Ich muss schon fair sein, wenn die Leute mich fragen, ob ich wirklich glaube, was ich predige. Aber der Transzendenzverlust hat auch ethische Folgen. Diesbezüglich wird manches an Lebensgestaltung persönlich und gemeinschaftlich nur noch eindimensional gesehen.
Der Glaube an Gott muss völlig abgetrennt werden vom konkreten Erscheinungsbild der Kirche. Es gibt positive Beispiele wie Kardinal Kasper, der dazu auffordert, Frauen den Platz zu geben, der ihnen in der Kirche gebührt. Ich bin natürlich auf dieser Seite, es gibt aber "solche und solche". Hier in dieser unserer Pfarrei geben wir eine Visitenkarte ab, die wir auch kritischen Menschen in die Hand drücken können. Davon bin ich überzeugt.

 

Was wünschen Sie Ihrem Arbeitgeber Kirche, dem Unternehmen, das Sie in den Ruhestand verlassen?

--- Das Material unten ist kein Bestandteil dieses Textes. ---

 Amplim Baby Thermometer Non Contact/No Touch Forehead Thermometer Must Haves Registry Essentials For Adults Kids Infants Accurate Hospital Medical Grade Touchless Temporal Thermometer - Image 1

Der Pfarrei und ihrem Pfarrer wünsche ich, dass dieser fröhliche Katholizismus in der Südstadt lebendig bleibt, auch wenn die kirchlichen Temperaturen sinken. Wir haben viel Gegenwind, aber das ist kein Grund zu knatschen. Ich bin schon für Traditionen, aber die Emotionen der Leute haben etwas damit zu tun, welches Bild wir abgeben. Jeder Skandal ist ein Peitschenhieb für diese Kirche. Weit über die Gemeinde hinaus ist die soziale Verflechtung der Kirche hinein in die Gesellschaft wichtig. Es geht um den Menschen, und der ist konkret: Leib, Seele, Geist, vielleicht auch religiöse Veranlagung, und in dieser Ganzheit muss er wahrgenommen werden.